Five years ago, horror in Newtown
They would be in the sixth grade now, but the 20 first-graders never got beyond beginning. They are gone, along with the six adult educators who tried to save them when a 20-year-old gunman burst into Sandy Hook Elementary School in Newtown, Conn., armed with a military-style assault rifle. He fired more than 150 rounds before killing himself as police closed in.
It happened on Dec. 14, 2012, five years ago today. The school has been razed. The gunman’s home, where he killed his mother before the rampage, has likewise been torn down. But the memory remains, a constant calling from the past to try to prevent such a horror from happening again, as it did and as it will. Just a month ago, a gunman with a semi-automatic rifle attacked Rancho Tehama Elementary School in northern California. One hundred students inside were saved when an alert secretary called for a lockdown.
In the powerful documentary “Newtown,” the father of one of the slain children, David Wheeler, says he keeps his 6-year-old son Benjamin alive in his memory and he is “terrified of forgetting.”
All Americans should fear forgetting Benjamin and the others who died, their bodies shredded by bullets. Yet Americans do forget, and the mass shootings before and after Newtown make it hard to recall the facts of one event, let alone the lives lost or the message echoing in the silence after the carnage.

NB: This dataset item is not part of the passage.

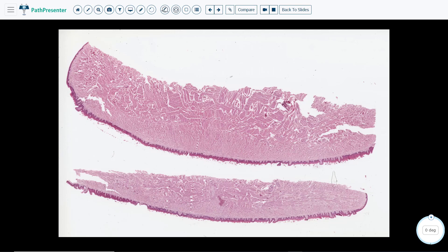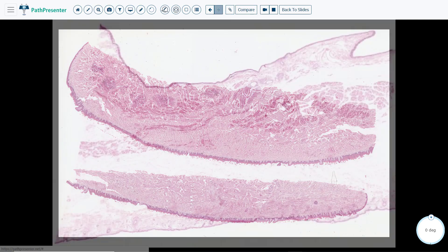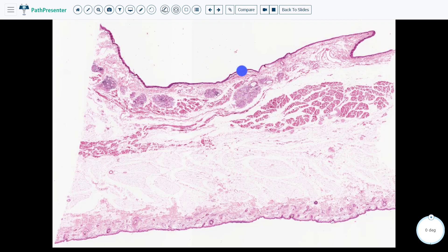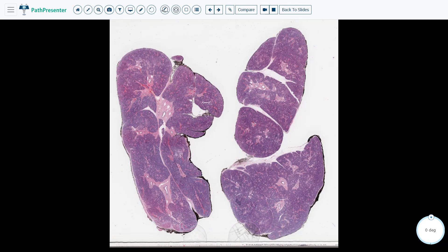The first case is normal tongue, reviewed in a separate video. The second slide is normal buccal mucosa — the normal buccal mucosa is up here and the skin is down here, also reviewed in the same video as the tongue. The third slide is normal parotid gland, reviewed in a separate video.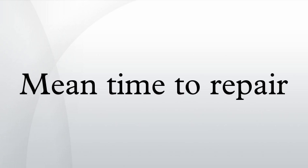See also: mean time to recovery, mean time between failures, mean time between repairs, mean downtime.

On this anniversary, Americans should try to remember that scene in Newtown where parents gathered near were consumed by shock and grief as they realized their children would not be coming out to their embrace. And they should remember what didn’t happen afterward in Washington, where those same parents watched Congress fail to take a single step to reduce gun violence.
It was said then that if the murder of 20 children did not move Congress to act, nothing would. And that proved true. Congress, with many of its members in the grip of the National Rifle Association, did nothing then. And it did nothing after the mass shootings that followed in Florida, South Carolina, Oregon, California, Nevada, Texas and elsewhere. Since the massacre at Sandy Hook Elementary School, 50,000 people have died from gun violence, including 1,552 mass shootings with at least 1,767 people killed and 6,227 wounded.
Push for gun control
U.S. Rep. David Price, a Democrat representing North Carolina’s 4th District, hasn’t given up hope that the United States may yet reduce the fever of gun violence that is unique among developed nations. Price, the vice chairman of the House Democrats Gun Violence Prevention Task Force, joined 120 members of Congress Wednesday in signing a letter asking the House leadership for a simple step toward sanity on guns – an end to the ban on federal research into gun violence that was imposed at the behest of the gun lobby.
Price joined that request well aware of its futility. He said, “As long as lawmakers are beholden to the gun lobby, I fear that our communities will continue to be exposed to senseless acts of violence and hate.”
The clearest sign of the NRA’s influence is that Congress has failed to act despite popular support for research into gun violence and such basic steps as requiring universal background checks for gun purchases or banning assault-style rifles. If anything is to change before the 10th anniversary of the Newtown shootings, voters who support gun control will need to become as influential as those who oppose it. One way to do that is for gun-control advocates to run for office themselves.
Stonewalling efforts to reduce gun violence should become a losing political position. In North Carolina that’s certainly not the case. Our two Republican senators, Richard Burr and Thom Tillis, each had perfect scores on NRA-backed legislation.
There is no reason to surrender on gun control in the face of “gun rights.” As the Newtown parent Wheeler testified before a Connecticut task force on gun violence prevention: “The liberty of any person to own a military-style assault weapon is second to the right of my son to his life.”
On this anniversary, remember Newtown and refuse to accept that claims of gun rights – backed by heavy contributions from gun makers – can blot out the right of children to grow up and for their parents to grow old with them.